Delta Force 3: The Killing Game is a 1991 American direct-to-video action film. It is the third and final film in The Delta Force film series. It is the only film in the series not to star Chuck Norris, although it does star his son Mike Norris.

Plot
Terrorist leader Kahlil Kadal has threatened to bomb Miami, Florida unless western influence is removed from the Middle East. In order to keep Kadal from detonating an atomic bomb in Miami, The Delta Force, with new leaders Charlie and Greg, are ordered to team up with a group of Russian Spetsnaz commandos and head to El-Qutar, Kadal's hometown in the fictional country of Sudalia, so they can hunt for Kadal.

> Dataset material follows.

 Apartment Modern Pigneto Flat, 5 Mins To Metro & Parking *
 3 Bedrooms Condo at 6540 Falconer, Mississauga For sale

Kadal sends Anwar Hussein to Miami, with orders to detonate the bomb live on TV, where Hussein arranges for an assault on TV news producer Wendy Jackson. Turning up in time to save her, Hussein chases off the attackers and uses the situation to become close to Wendy. With friction between Charlie and Sergei growing, the mission doesn't start well, losing a Soviet team member almost immediately. Eventually they locate and apprehend Kadal, but at a cost, Pietre and Sam are killed and Greg is wounded. They learn Kadal has already sent his suicide bomber, Richard and Irenia interrogate Kadal and learn of the bombers identity.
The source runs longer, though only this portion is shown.